Fani gier komputerowych – nawet Ci, którzy nigdy z serią God of War nie mieli do czynienia – z pewnością wiedzą, jak Kratos wygląda, ale niekoniecznie muszą zdawać sobie sprawę z tego, że droga do stworzenia wizerunku rzeźnika ze Sparty była kręta i wyboista. Wen pierwsze przymiarki do zaprojektowania tej postaci poczynił już w 2003 roku, ale w tamtym czasie w niewielkim stopniu przypominały one tego bohatera. Popatrzcie zresztą sami.

Koncepcja owłosionego Kratosa dość szybko upadła, bo sprzeciw wyraził wspomniany wcześniej Jaffe. Reżyser chciał, żeby bohater prezentował się brutalnie i nie miał nic wspólnego z typowym wizerunkiem greckiego herosa. David był w tamtym czasie pod mocnym wpływem filmu Więzień nienawiści, gdzie w rolę neonazisty brawurowo wcielił się Edward Norton. Jego postać, Derek Vinyard, miała wytatuowaną ogromną swastykę na piersi i była całkowicie łysa. Reżyser twierdził, że z jego twarzy bije ogromna siłą i agresja, mimo że pogodna buźka Nortona raczej nie kojarzyła się z bandytą. Koniec końców, Kratosa postanowiono ogolić.

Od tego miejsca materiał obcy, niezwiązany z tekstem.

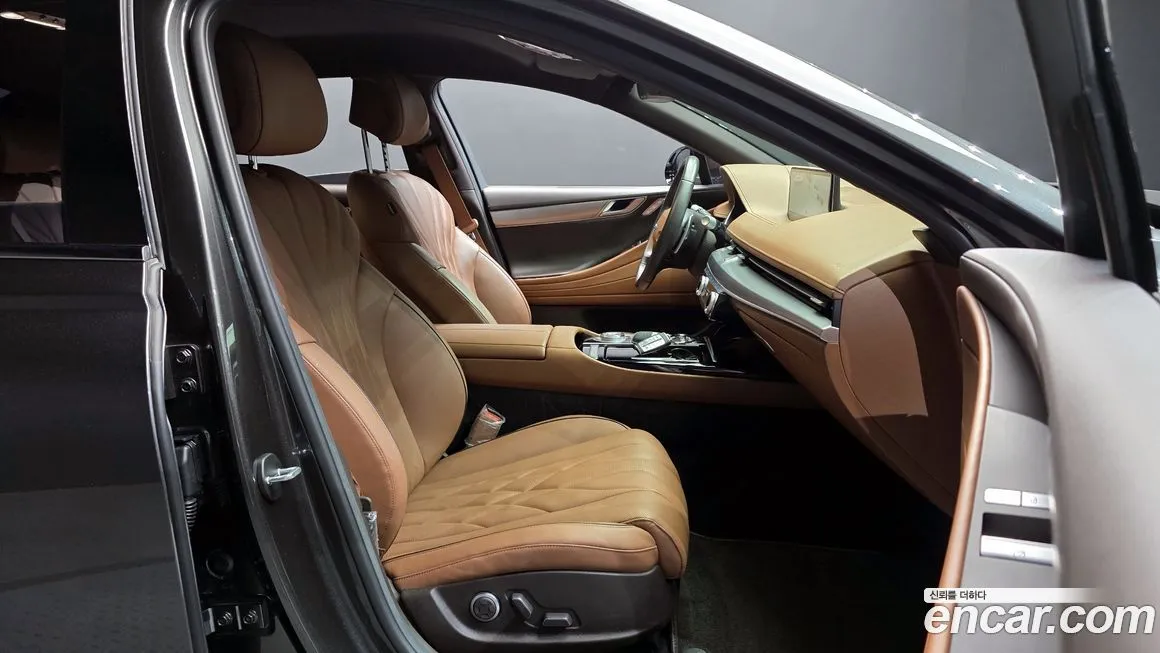 Genesis G80 — фото 10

Wen sporządził kolejne szkice, tym razem przedstawiającego łysego bohatera z wytatuowaną twarzą. Efekt tych starań okazał się dość komiczny, co również możecie zobaczyć poniżej.

Amerykanin długo nie mógł sobie poradzić z ostatecznym wizerunkiem bohatera. Myślał o nim nie tylko w biurze, ale również poza nim i właśnie z dala od swojej pracowni wpadł na pomysł, jak powinien wyglądać Kratos. Z racji tego, że nie miał pod ręką swojego szkicownika, pierwszy rysunek finalnej wersji spartiaty wykonał na… serwetce w knajpie. Wen trzyma ten artefakt do dziś i dopiero w sierpniu ubiegłego roku zdecydował się pokazać go szerszej publiczności w internecie.

Artysta utrzymuje, że jest to nie tylko jego pierwsza praca, która pokazuje Kratosa w ostatecznej postaci, ale jest to również pierwszy rysunek, na którym widać ikoniczną broń wojownika z God of War – Ostrza Chaosu. Jak ważnym orężem stały się te narzędzia mordu, możemy przekonać się choćby w ostatniej odsłonie serii, ale w trosce o Wasze dobre samopoczucie oszczędzimy Wam w tym miejscu psujaków.